The petition is utilizing the observation that there are certain rights
associated with the terminology of "buying" (or "selling") some product that
have been developed over hundreds of years with laws regarding physical
commodities. Physical objects are relatively simple to understand; the right
to resell or repurpose a physical object is well understood, for example. Such
rights are not merely an artifact of the legal system but are inherent to the
nature of physical things. No matter the letter of the law, the purchase of a
physical object implicates its transfer of possession and the physical
capabilities such possession implies (destruction, use, retooling,
repurposing, reselling, etc).

Intellectual constructs are a different matter, be it the selling of such
intellectual consctructs that interface with physical commodities --think
healthcare or perhaps selling access to some physical but expensive machine--
or the selling of intellectual constructs themselves --like stories or other
expressions of ideas. The law has frustratingly used traditional property laws
as its basis for investigating rights and liabilities with respect to these
intellectual constructs, despite mounting observations that such a foundation
is typically unsound. Licenses for software, as an example, can arbitrarily
grant and deny rights, unlike the rights of physical commodities that are an
inherent consequence of their physical nature.

The practical consequence for a consumer is that the "buying" that occurs for
a license or some other intellectual construct has the potential to bear
_little_ resemblance or _significant_ resemblance to the traditional notions
of "buying" a physical commodity that consumers have been exposed to for
centuries. The rights associated with various software licenses, for instance,
can vary considerably. "Buying" a piece of GPL software and "buying" a piece
of DRM-restricted and/or proprietary software are not, by any reasonable
interpretation of each situation, the same thing. One who purchases a GPL-
licensed piece of software is closer to the spirit of the term "buy" in its
historical context of the transfer of physical commodities at some set price.
Purchasing the proprietary and DRM'd software is more akin to "licensing" its
use for specific cases and more closely aligns with contract law vis a vis
services rendered.

Perhaps it would be better to say that one never "buys" software outright but
rather "purchases a license," the rights and liabilities of which may vary
dramatically, thus sidestepping the historical connotations of "buying" a
physical object.
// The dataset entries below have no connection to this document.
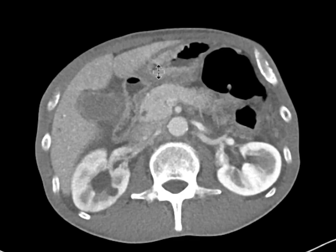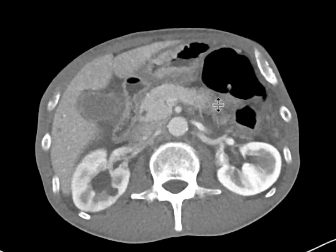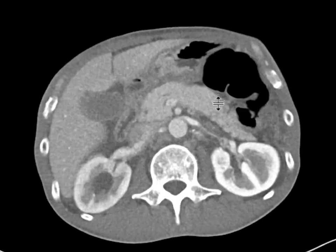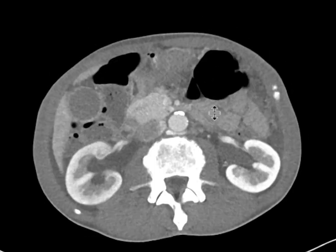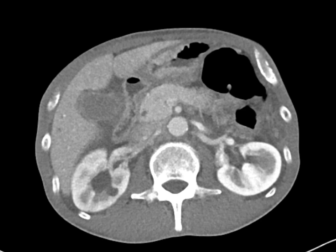As we scroll through on this slice as well, you can see how nodular, thickened, and irregular these loops of gastric folds are compared to some of the other loops. That finding is highly concerning for a gastric neoplasm, specifically an adenocarcinoma. This patient underwent endoscopy and it indeed turned out to be a gastric adenocarcinoma with findings of carcinomatosis in the abdomen and pelvis.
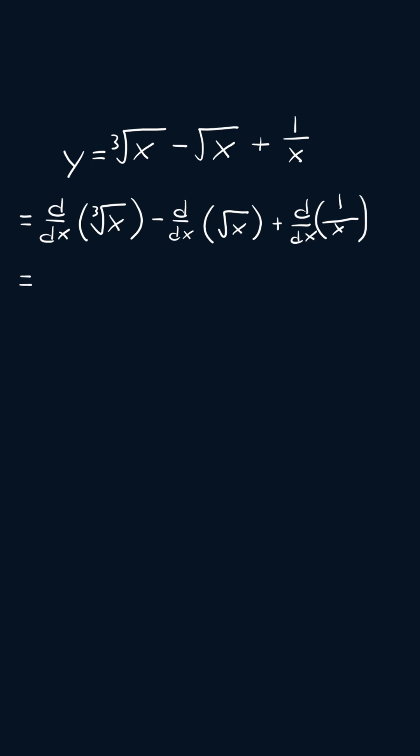Now I'm going to apply the radical rule. So we'll get the derivative of x to the power of one third minus the derivative of x to the one half plus 1 over x.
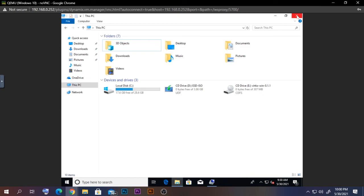And just like that, we've finished creating a VM on our Unraid server. I hope this video was informative. Please subscribe to the channel, give it a like, and share the video. Thank you for watching and have a nice day!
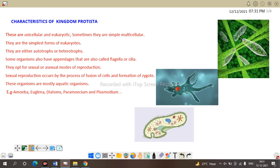Next is Kingdom Protista. Protists are unicellular, eukaryotic, and sometimes simple multicellular — they are the simplest form of eukaryotes. They can be either autotrophs or heterotrophs. Some organisms also have appendages called flagella or cilia for locomotion.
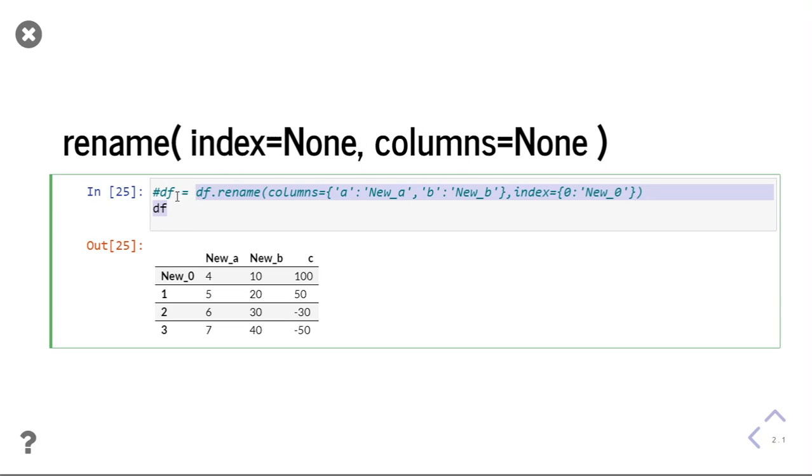And if I want to change it into my data frame permanently, I will give df equal to df.rename. This is for changing the column name and index name.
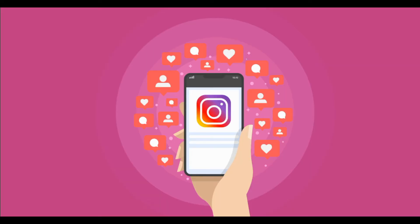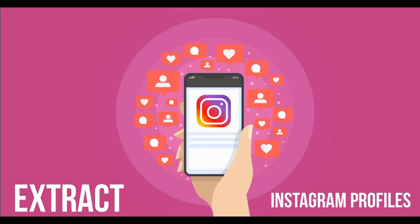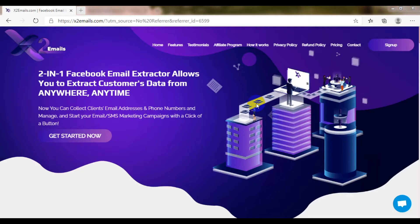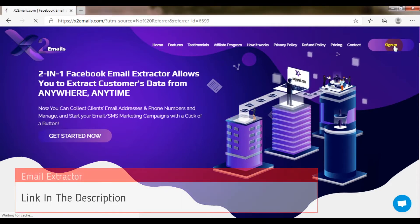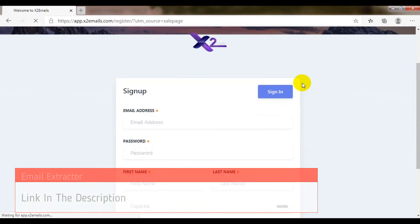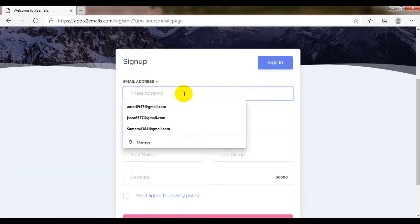What's up viewers! Today I will show you how easily you can extract emails from Instagram profiles. Link in the description. First, sign up.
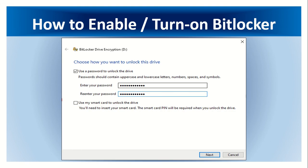Click option use a password to unlock the drive, enter your password.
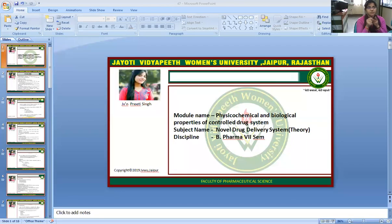Namaste. I am Hamesha Fusharabitya. I am Priti Singh, Faculty of Pharmaceutical Science, Jyoti Vidyapeet Women's University. Today, I will discuss about the topic: Physico-chemical and biological properties of controlled drug delivery system.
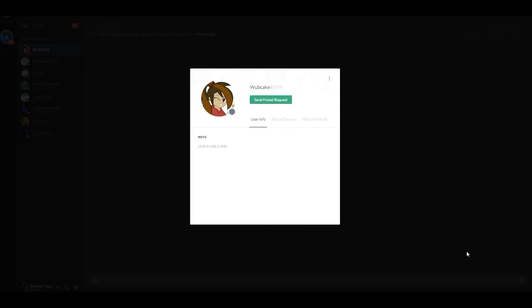If you guys see this imposter right here, do not add her. This is not the real WebCake. It's an imposter. She also has a imposter YouTube channel. I don't know if that's still up there, but I've seen it before.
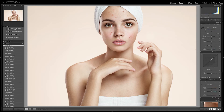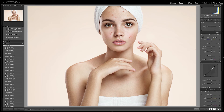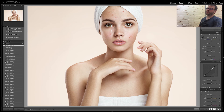Here we are in the develop mode of Lightroom. This is our photograph. Very simply, select the spot removal button — the keyboard shortcut is Q — and all we're going to do is go over the areas of the skin that we wish to remove. Just select that.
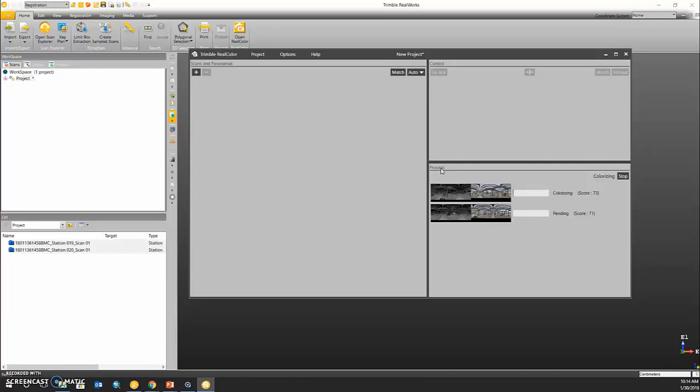Now it's important to remember that this is a batch processing tool and you can load as many TZF scan data and panoramic imagery as you have. This process may take some time.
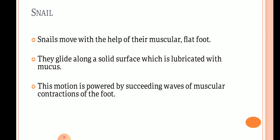The second example is the snail. Snails move with the help of their muscular flat foot. They glide along a solid surface which is lubricated with mucus. This motion is powered by succeeding waves of muscular contractions of the foot.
But then of course the consumer loses any and all distinction
between different types of licenses, effectively introducing the same problem
as attempting to use only the term "buying." In such a case, rights that were
once well-understood and reasonably presupposed by the consumer are now
entirely up in the air and largely in the hands of the producer. In either
case, it's clear to me that conflating the terms introduces problems.

I believe the presence of restrictive DRM could serve as a useful litmus test
in gauging where on the scale such "licenses" to intellectual constructs fall
and thus whether the term "buy" or "license" would be more appropriate. The
current example on the crest of the news deals with the SimCity games. I know
I would say that I "bought" SimCity 2000 (regardless of what the letter of the
law would implicate). However, if I were to fork over cash for the most recent
version of the SimCity franchise, I would never say that I "bought" it, but
rather that I "licensed" it.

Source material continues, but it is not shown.